== DATA EXTRACT

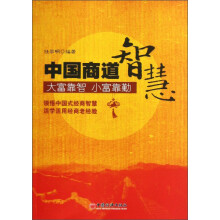 中国商道智慧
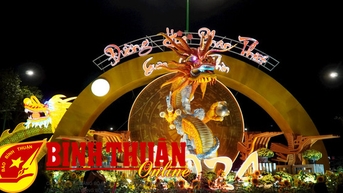 ការរំលេចនិទាឃរដូវនៅក្នុងទីក្រុងទេសចរណ៍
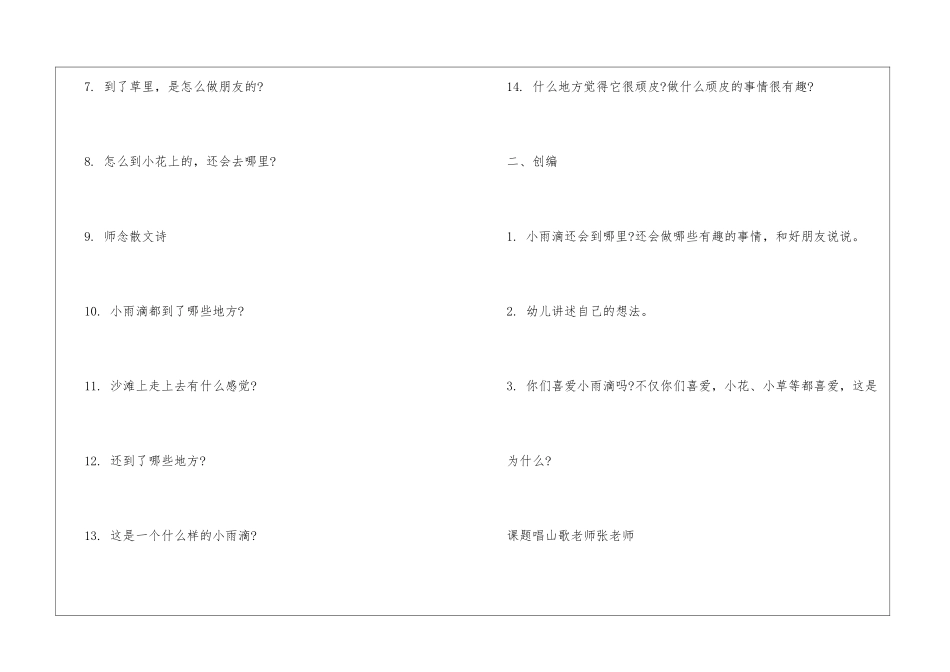 幼儿园大班听课记录_第2页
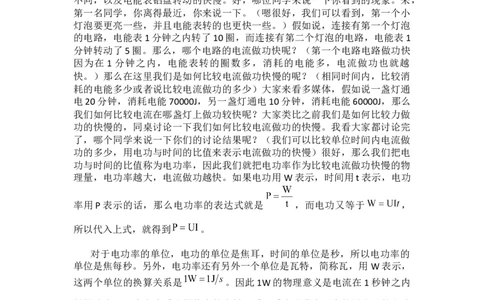 电功率_初中物理教资面试_03初中物理逐字稿_1初中物理逐字稿（260篇）_1初中物理试讲稿250篇重点_人教和沪科初中物理试讲稿_人教版_九年级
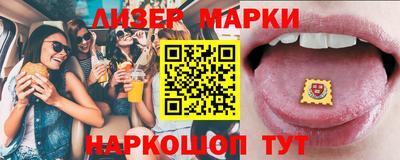 прущие крисы Тверь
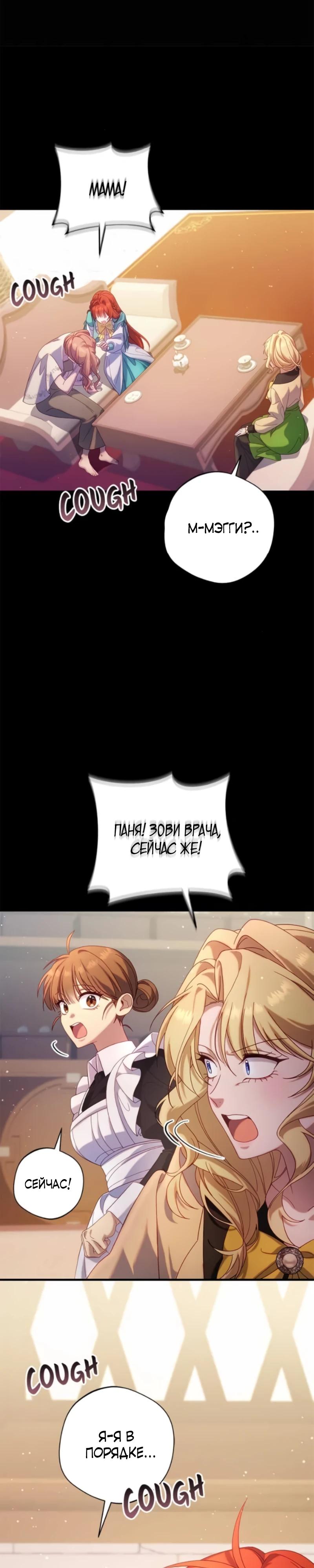 Манга Я злодейка, но изменю свою концовку - Глава 32 Страница 11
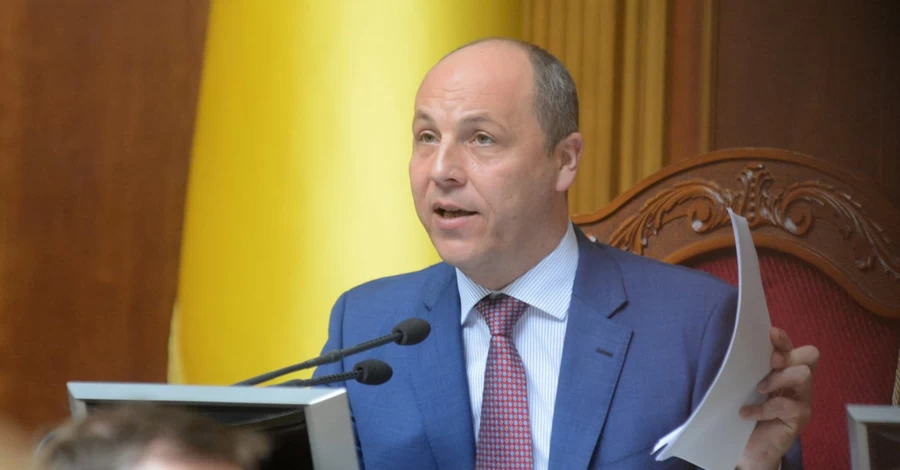 Следователи ограничили публичный доступ к делу об убийстве Андрея Парубия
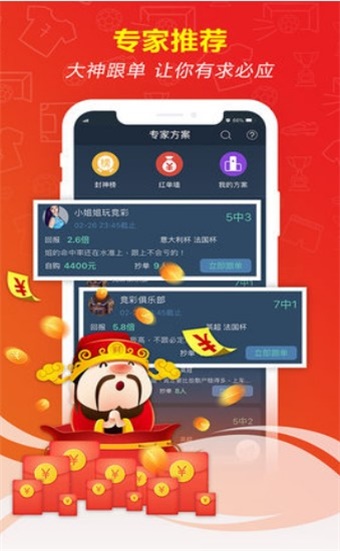 新澳門精準(zhǔn)五肖中特之探索與解析，澳門五肖精準(zhǔn)預(yù)測(cè)解析與探索之道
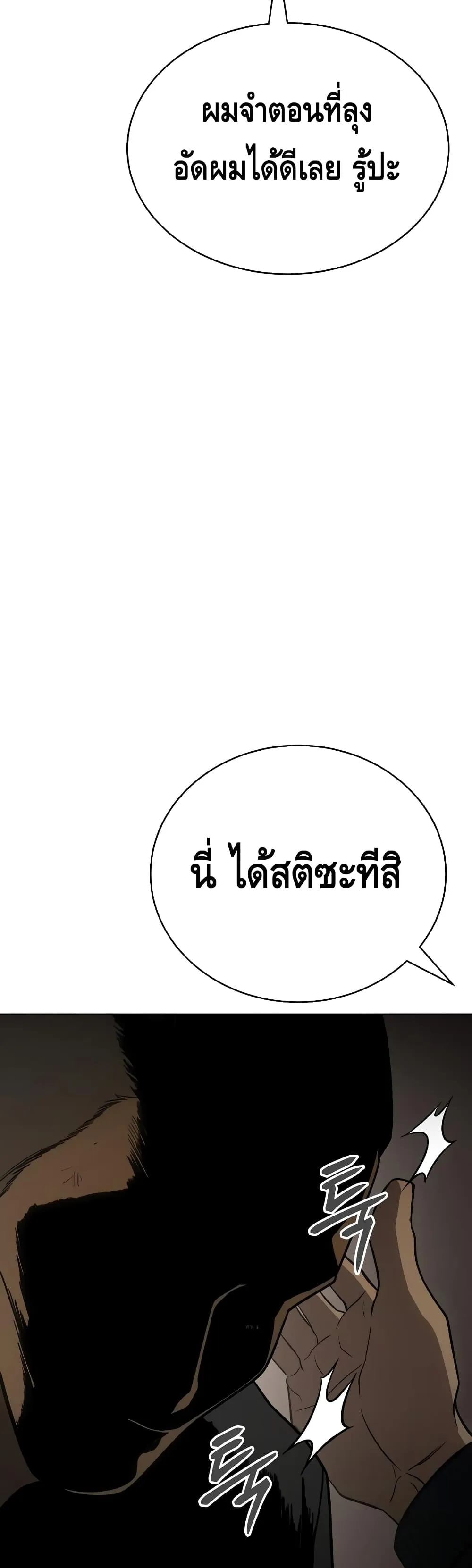 Baek XX ตอนที่ 23 หน้า 84
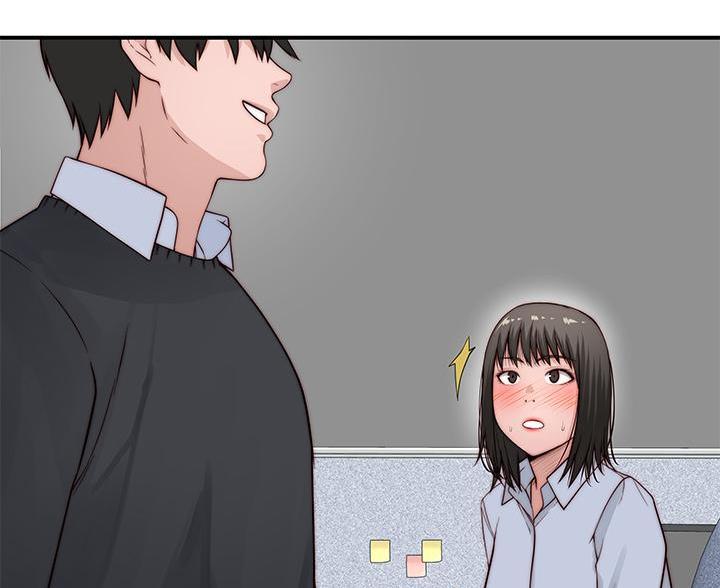 《我们的戏剧关系》第146话 第40页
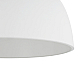 Подвесная люстра Nowodvorski Satellite S White 11228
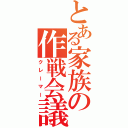 とある家族の作戦会議（クレーマー）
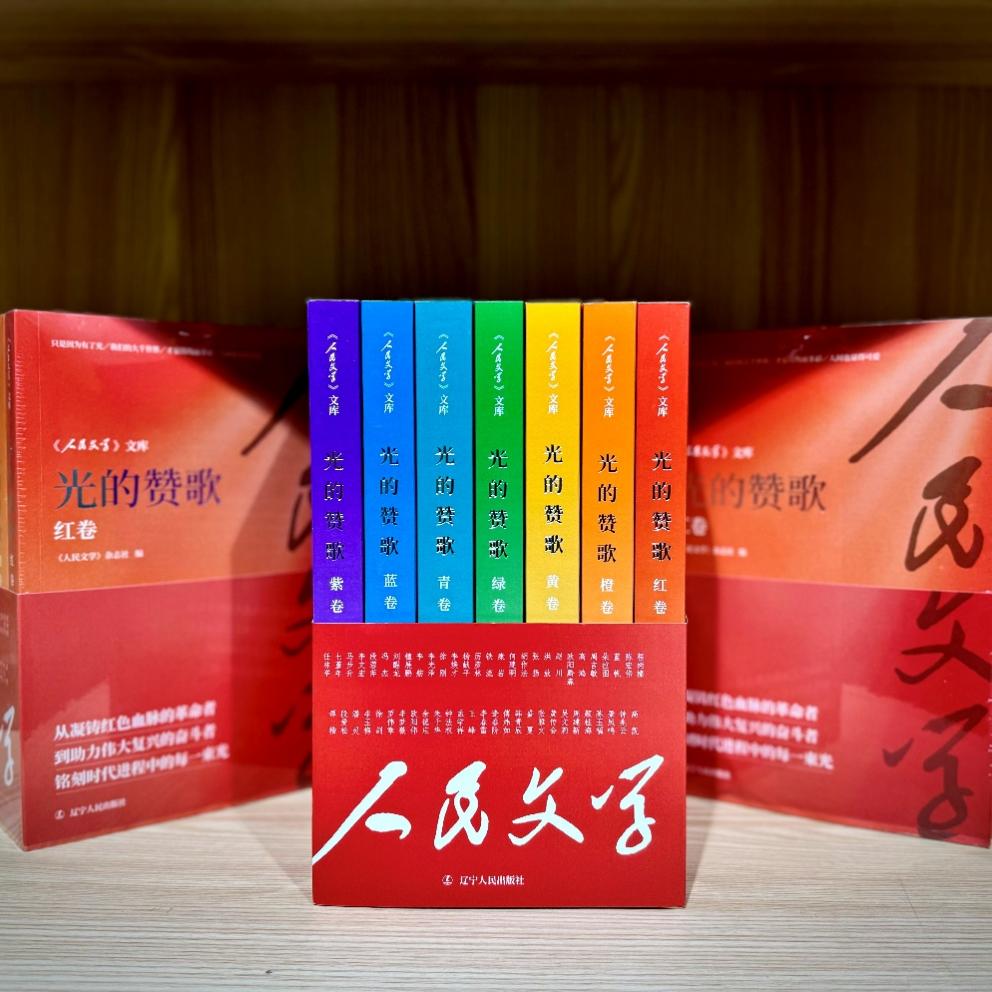 《光的贊歌》系列圖書。主辦方供圖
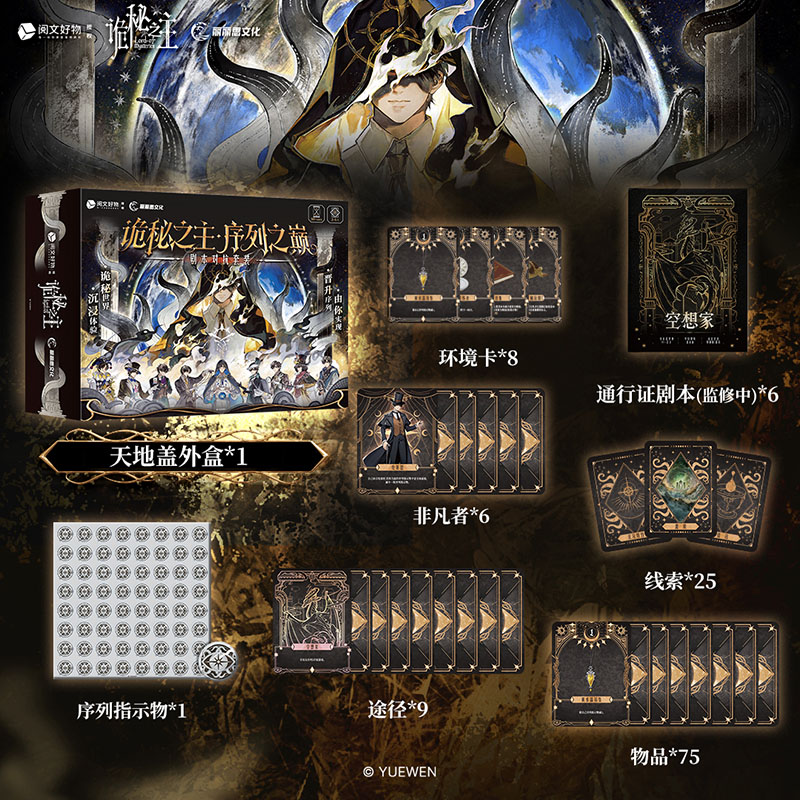 2025 Anime Lord of Mysteries T - Board Game Sequence ulasan dan harga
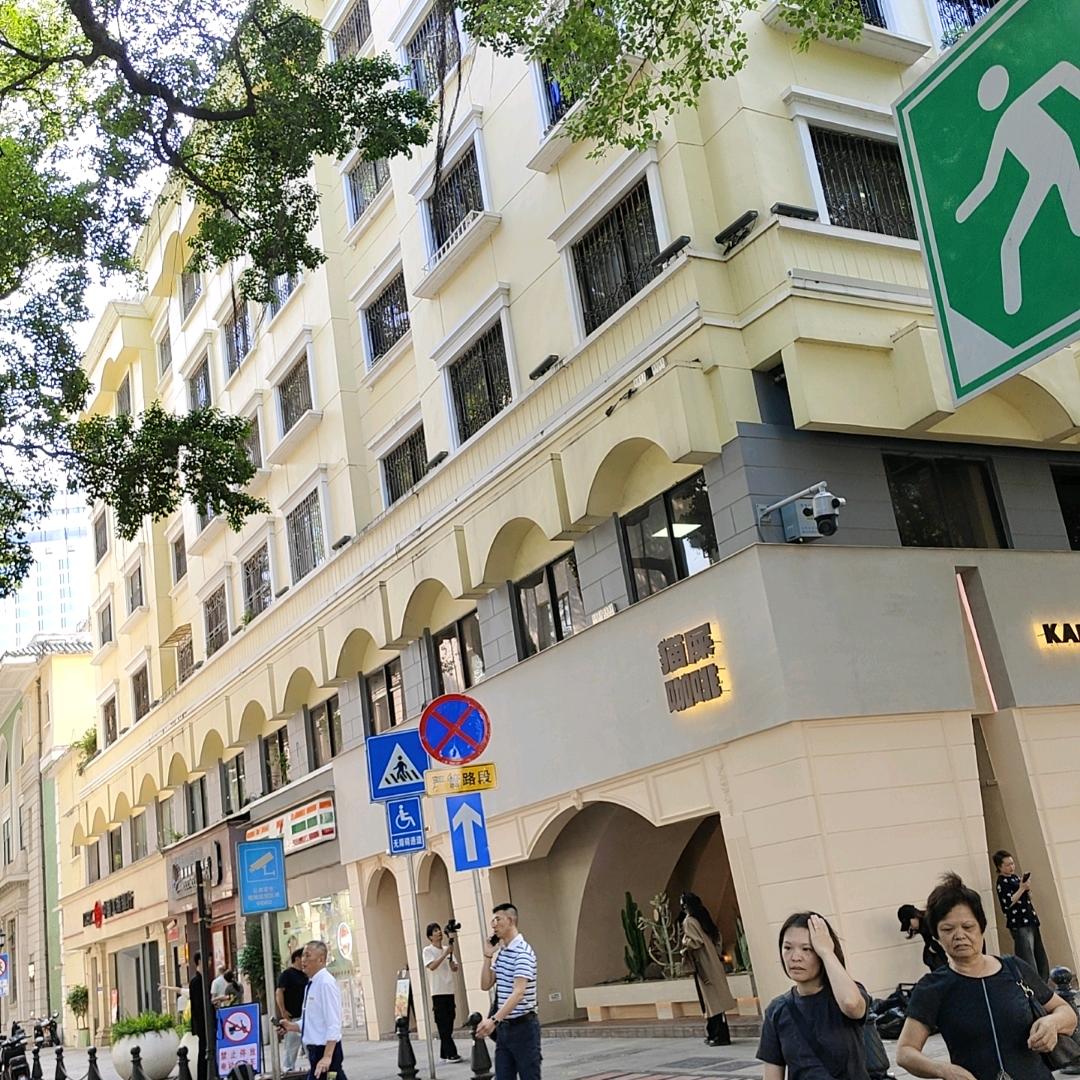 陈小姐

====

§ **EXERCISE DIRECTIONS**:
Restate, word for word and without pictures, the lines from the line containing "ការរំលេចនិទាឃរដូវនៅក្នុងទីក្រុងទេសចរណ៍" to the last line of the records above.

§ **RESULT OF THIS EXERCISE**:
 ការរំលេចនិទាឃរដូវនៅក្នុងទីក្រុងទេសចរណ៍
 幼儿园大班听课记录_第2页
 电功率_初中物理教资面试_03初中物理逐字稿_1初中物理逐字稿（260篇）_1初中物理试讲稿250篇重点_人教和沪科初中物理试讲稿_人教版_九年级
 прущие крисы Тверь
 Манга Я злодейка, но изменю свою концовку - Глава 32 Страница 11
 Следователи ограничили публичный доступ к делу об убийстве Андрея Парубия
 新澳門精準(zhǔn)五肖中特之探索與解析，澳門五肖精準(zhǔn)預(yù)測(cè)解析與探索之道
 Baek XX ตอนที่ 23 หน้า 84
 《我们的戏剧关系》第146话 第40页
 Подвесная люстра Nowodvorski Satellite S White 11228
 とある家族の作戦会議（クレーマー）
 《光的贊歌》系列圖書。主辦方供圖
 2025 Anime Lord of Mysteries T - Board Game Sequence ulasan dan harga
 陈小姐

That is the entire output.